• _Work request_:
Could you restate the data word for word and drop the pictures?
[Task data — start]
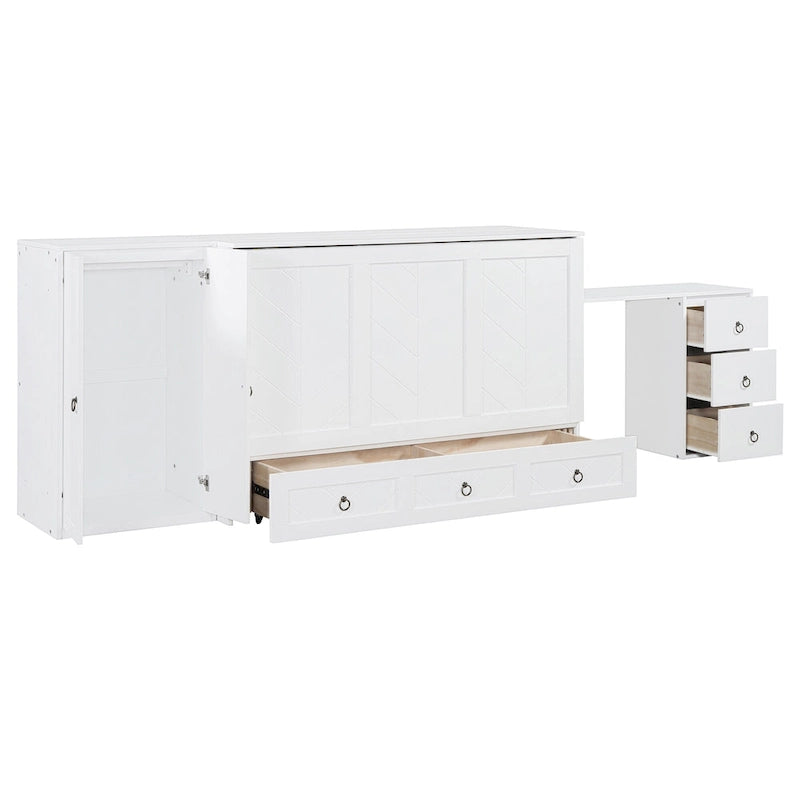 Lit escamotable Queen Size avec port USB, grand tiroir et bureau combiné pour chambre à coucher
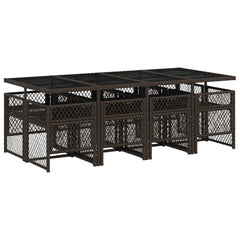 vidaXL 9 Piece Garden Dining Set with Cushions Brown Poly Rattan 5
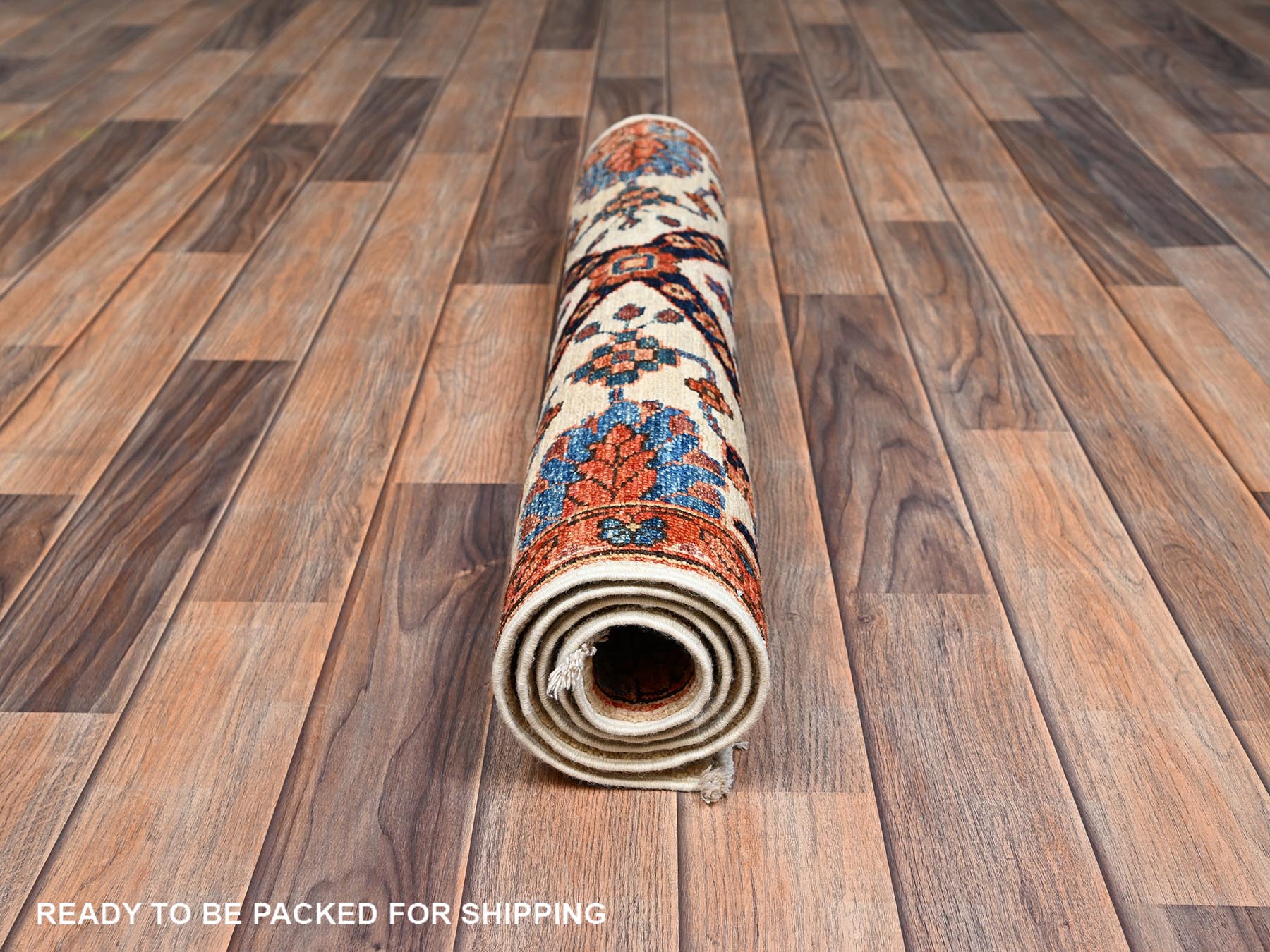 Tribal & Geometric hand-knotted wool rug in Ivory & Red, 2'10" x 4'3" — SKU O02409 (view 5)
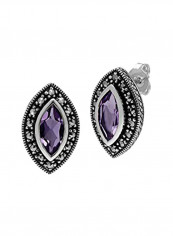 925 Sterling Silver Amethyst Stud Earrings
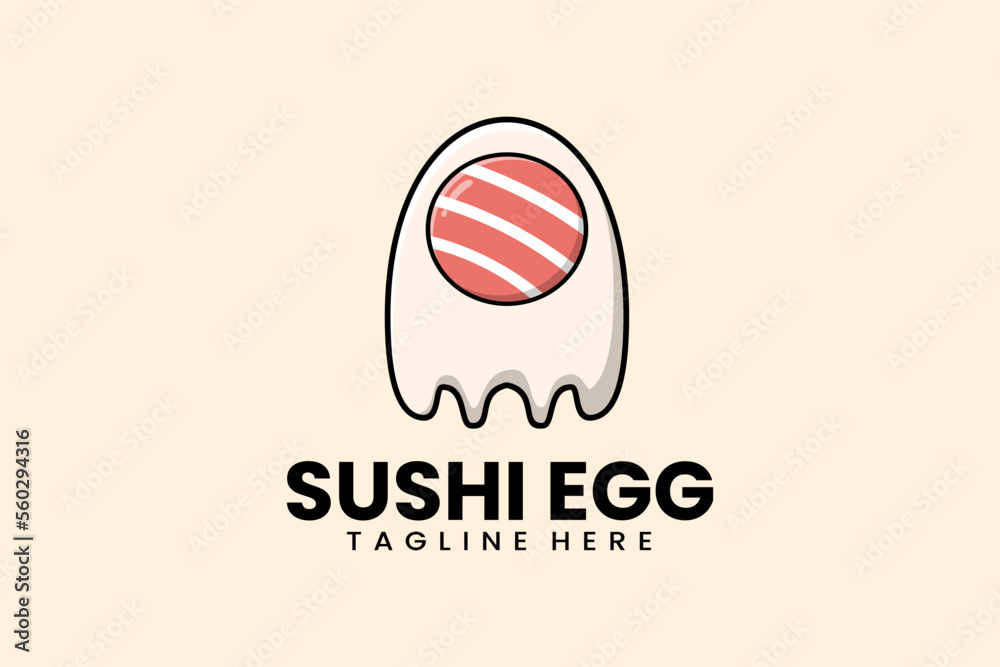 Flat modern template mister sushi egg logo concept vector illustration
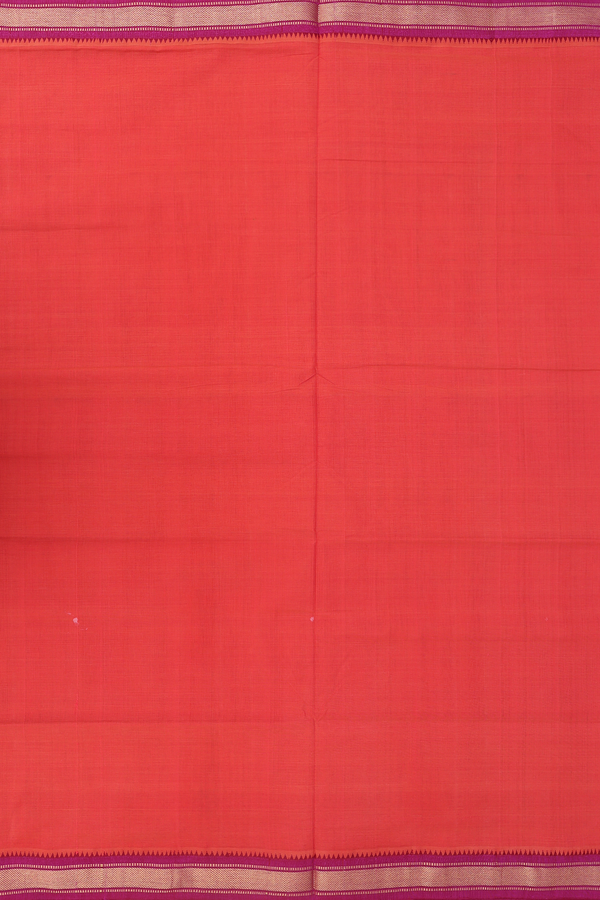 Mangalagiri Cotton Saree Vermillion Red With Contrast Border
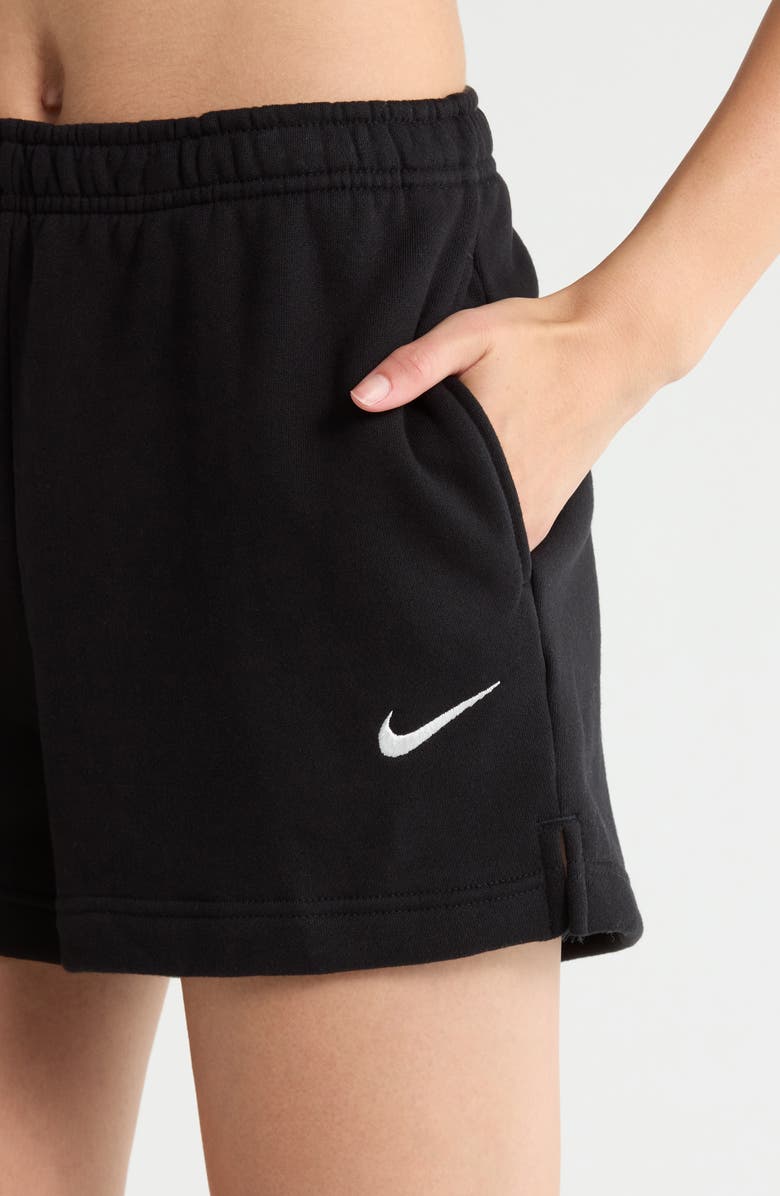 Nike Sportswear Mid Rise Fleece Shorts, Alternate, color, 010 Black/Sail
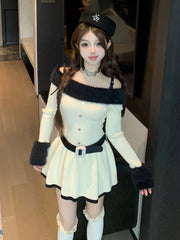 LIZAKOSHT  -  Women Knitted Mini Dress Autumn Hottie Slash Neck Patchwork Fashion Camisole Dresses Off Shoulder Belt Button Casual Vestidos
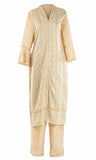 Beige long sleeve kameez garnished with elegant cream threadwork & has embroidered palazzo pant 
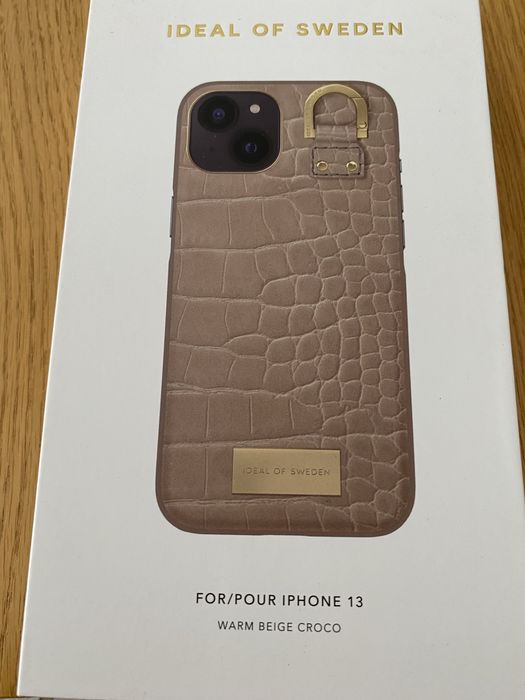Ideal of Sweden komplet etui iPhone 13 Warm Beige Croco + łańcuszek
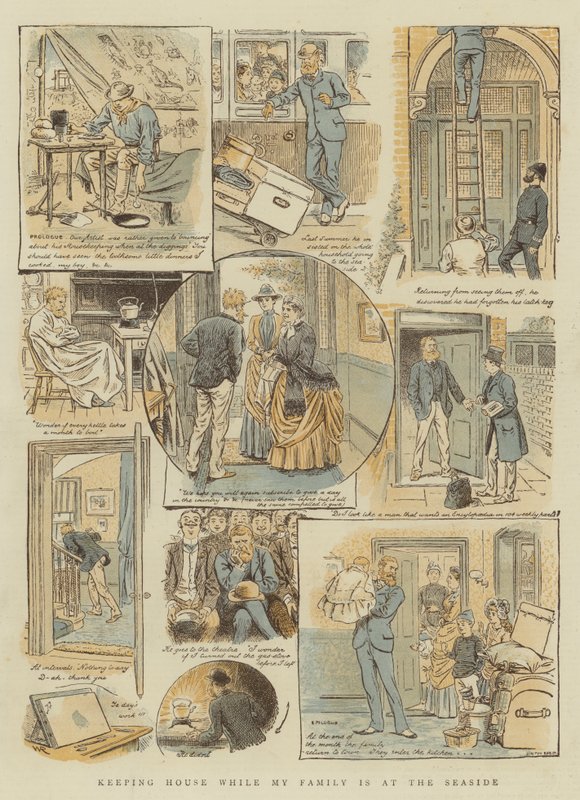 Prowadzenie domu, gdy moja rodzina jest nad morzem (chromolitho) autorstwa William Ralston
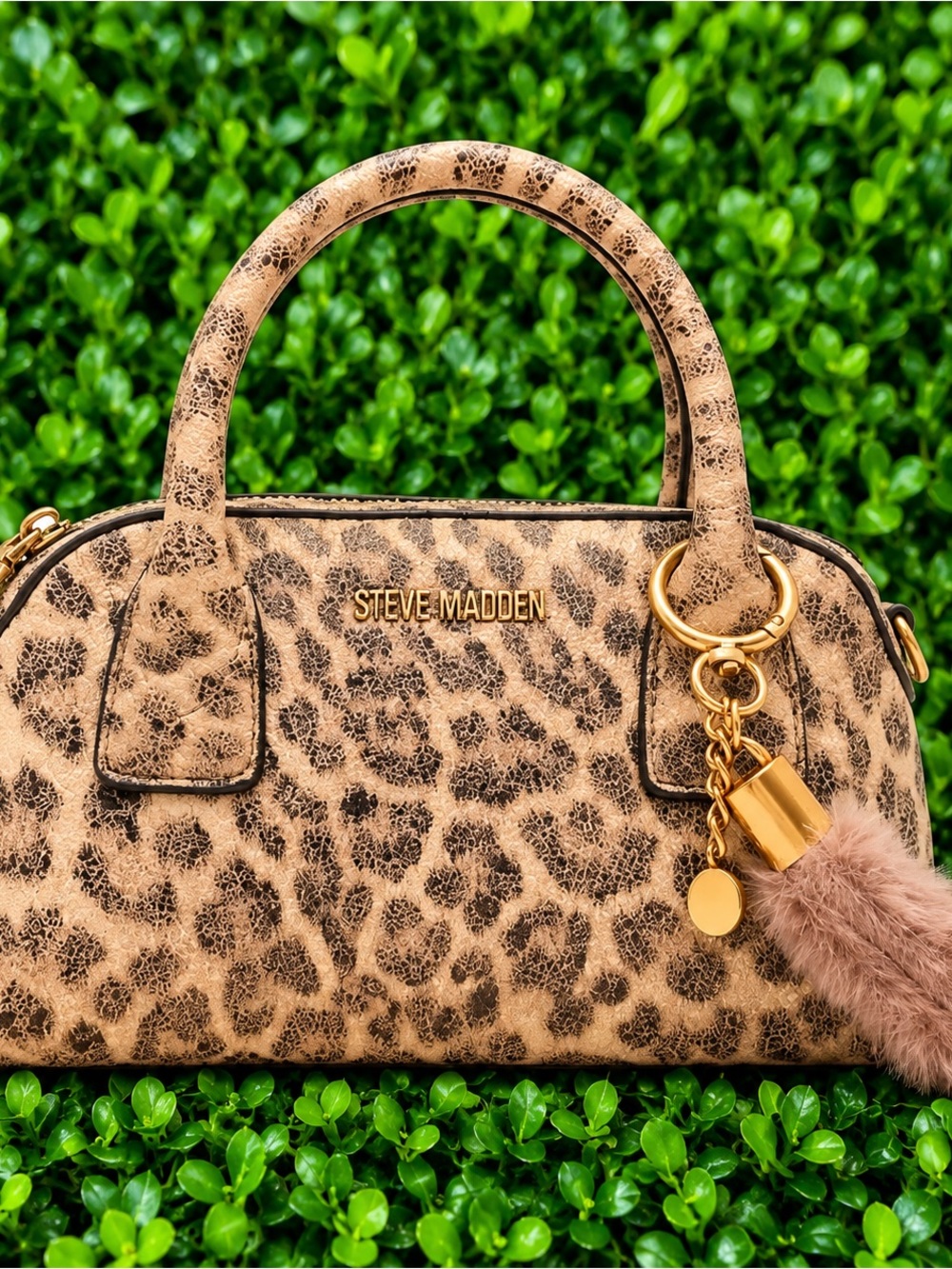 Steve Madden Leopard-Print Dome Satchel in Tan and Black with Gold Hardware
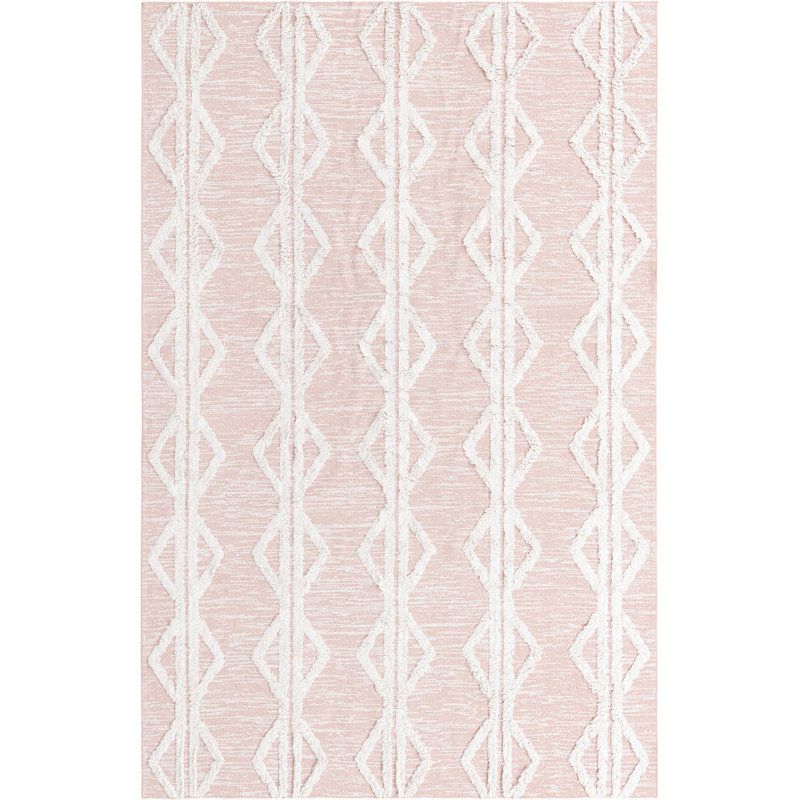 Tapis contemporain de couleur rose Dudziak, Rectangle 5 pi 3 po x 8 pi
[Task data — finish]
• _Solution to this task_:
 Lit escamotable Queen Size avec port USB, grand tiroir et bureau combiné pour chambre à coucher
 vidaXL 9 Piece Garden Dining Set with Cushions Brown Poly Rattan 5
 Tribal & Geometric hand-knotted wool rug in Ivory & Red, 2'10" x 4'3" — SKU O02409 (view 5)
 925 Sterling Silver Amethyst Stud Earrings
 Flat modern template mister sushi egg logo concept vector illustration
 Mangalagiri Cotton Saree Vermillion Red With Contrast Border
 Nike Sportswear Mid Rise Fleece Shorts, Alternate, color, 010 Black/Sail
 LIZAKOSHT  -  Women Knitted Mini Dress Autumn Hottie Slash Neck Patchwork Fashion Camisole Dresses Off Shoulder Belt Button Casual Vestidos
 Beige long sleeve kameez garnished with elegant cream threadwork & has embroidered palazzo pant 
Ideal of Sweden komplet etui iPhone 13 Warm Beige Croco + łańcuszek
 Prowadzenie domu, gdy moja rodzina jest nad morzem (chromolitho) autorstwa William Ralston
 Steve Madden Leopard-Print Dome Satchel in Tan and Black with Gold Hardware
 Tapis contemporain de couleur rose Dudziak, Rectangle 5 pi 3 po x 8 pi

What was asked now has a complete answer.